'AI-Ready' data at The University of Queensland

19 March 2026

Queensland’s state-of-the-art imaging data platform (PITSCHI) introduced support for Persistent Identifier (PID) technology to improve the traceability and reusability of microscopy data. By tagging datasets, instruments and even institutions with unique IDs (like DOIs for data and ORCIDs for researchers), the system ensures that imaging results are more easily tracked, shared and cited - essentially making microscopy datasets “FAIR” and AI-ready from day one.

CMM Director Professor Roger Wepf said: “This is state-of-the-art because it makes imaging datasets AI-ready from day one - with persistent identifiers and automated metadata ensuring traceability, reproducibility, making datasets machine findable and seamlessly integrable into future processing and AI pipelines".

This fantastic achievement was driven by CMM's expert Dr Rubbiya Ali, who has a key role in designing and implementing PITSCHI.
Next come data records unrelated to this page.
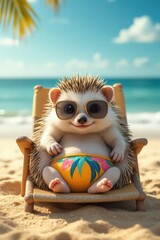 Fototapeta premium erizo tomando el sol en la playa 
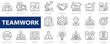© Dr. Vector - Business teamwork icon set. Business team working together symbol. Team building, work group, human resources, co-worker, cooperation, collaboration and more. Vector illustration
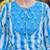 blue and white floral-printed yoke with vertical pintuck detailing kurta trouser dupatta set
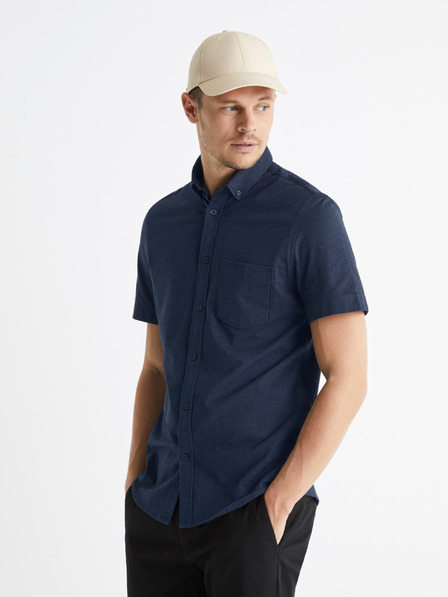 Celio Temno modra moška majica s kratkimi rokavi Celio Barik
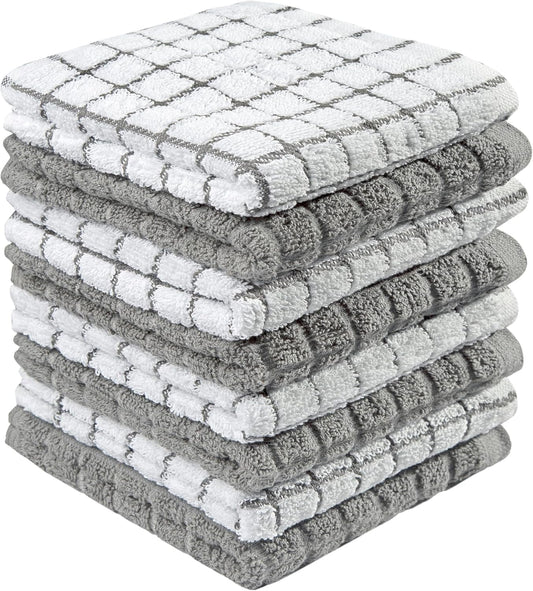 Bumble Dish Towels & Dish Cloths (8 Pack) | 100% Cotton Kitchen Towels | 12" x 12" | 405 GSM | Soft, Highly Absorbent & Durable Rags for Washing Dishes | Gray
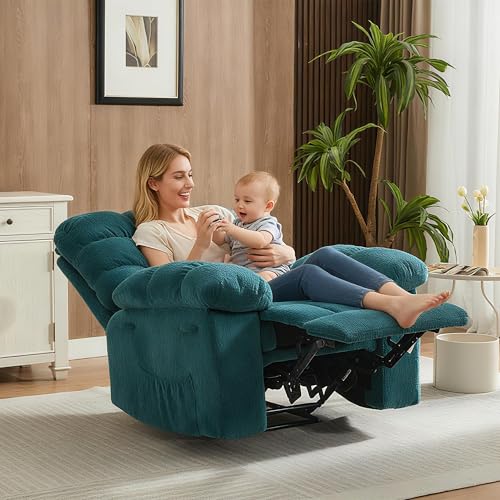 Sillón reclinable manual azul con estructura de acero miniatura 2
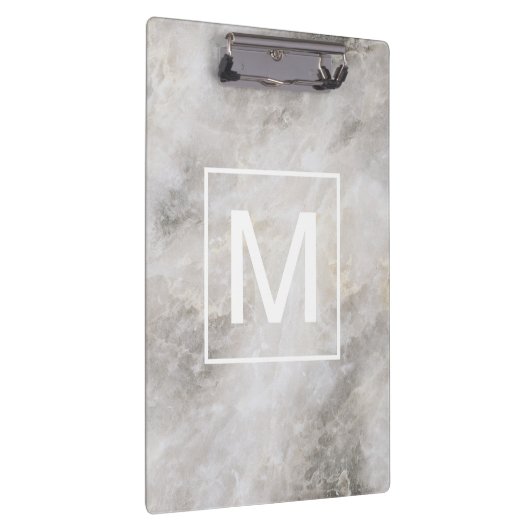 Trendy Gray Marble Monogrammed Klembord (Rechts)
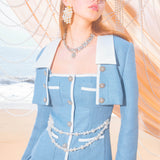 OZLANA SS2303 Daughter of the Sea Pleated Dress Set
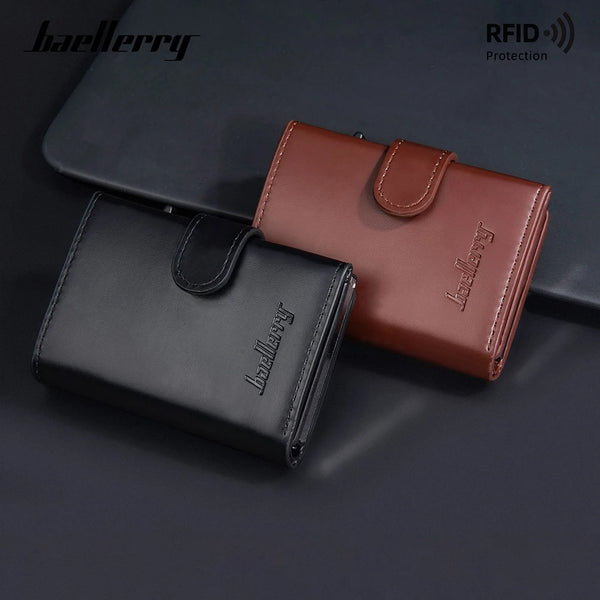 A black leather wallet and a brown leather card holder are displayed on a dark surface.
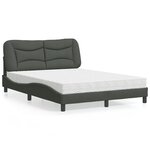 vidaXL Lit avec matelas gris foncé 120x200 cm tissu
Dr Ali said: "By embedding PIDs into each layer of the data lifecycle, PITSCHI transforms the role of an imaging data repository from simple storage into a dynamic infrastructure for greatly enhancing data discovery, reuse and research recognition. For example, researcher identifiers, such as ORCID, can be linked to individual data sessions, ensuring proper attribution even if a researcher changes institutions or email addresses. This enhances academic recognition, supports automated reporting, and helps track dataset authorship accurately over time.” 

PITSCHI, launched in 2021, was originally developed as part of ARDC’s Australian Characterisation Commons at Scale project

Since 2021, more than 600 researchers have used PITSCHI to manage 760 TB of data from 50 instruments across 9,300,000 files.